> [INPUT DATA]
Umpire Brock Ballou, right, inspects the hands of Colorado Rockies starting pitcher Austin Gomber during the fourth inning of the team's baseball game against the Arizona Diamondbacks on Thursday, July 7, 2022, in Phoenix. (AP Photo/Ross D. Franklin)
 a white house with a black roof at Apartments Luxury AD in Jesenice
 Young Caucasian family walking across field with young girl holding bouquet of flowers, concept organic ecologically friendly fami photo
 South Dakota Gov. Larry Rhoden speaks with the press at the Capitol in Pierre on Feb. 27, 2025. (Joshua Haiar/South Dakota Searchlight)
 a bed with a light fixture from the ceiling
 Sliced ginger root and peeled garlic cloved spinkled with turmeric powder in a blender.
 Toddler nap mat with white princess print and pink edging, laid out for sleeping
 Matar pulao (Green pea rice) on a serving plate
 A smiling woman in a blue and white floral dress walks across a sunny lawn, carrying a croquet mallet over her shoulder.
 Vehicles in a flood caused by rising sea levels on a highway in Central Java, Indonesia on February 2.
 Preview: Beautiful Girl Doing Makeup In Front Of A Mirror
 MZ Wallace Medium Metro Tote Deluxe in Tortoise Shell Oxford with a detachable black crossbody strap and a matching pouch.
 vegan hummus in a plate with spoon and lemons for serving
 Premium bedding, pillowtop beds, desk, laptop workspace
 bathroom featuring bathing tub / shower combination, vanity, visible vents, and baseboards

> [WORK REQUEST]
Restate the records above verbatim up to and including the line containing "A smiling woman".

> [SOLUTION]
Umpire Brock Ballou, right, inspects the hands of Colorado Rockies starting pitcher Austin Gomber during the fourth inning of the team's baseball game against the Arizona Diamondbacks on Thursday, July 7, 2022, in Phoenix. (AP Photo/Ross D. Franklin)
 a white house with a black roof at Apartments Luxury AD in Jesenice
 Young Caucasian family walking across field with young girl holding bouquet of flowers, concept organic ecologically friendly fami photo
 South Dakota Gov. Larry Rhoden speaks with the press at the Capitol in Pierre on Feb. 27, 2025. (Joshua Haiar/South Dakota Searchlight)
 a bed with a light fixture from the ceiling
 Sliced ginger root and peeled garlic cloved spinkled with turmeric powder in a blender.
 Toddler nap mat with white princess print and pink edging, laid out for sleeping
 Matar pulao (Green pea rice) on a serving plate
 A smiling woman in a blue and white floral dress walks across a sunny lawn, carrying a croquet mallet over her shoulder.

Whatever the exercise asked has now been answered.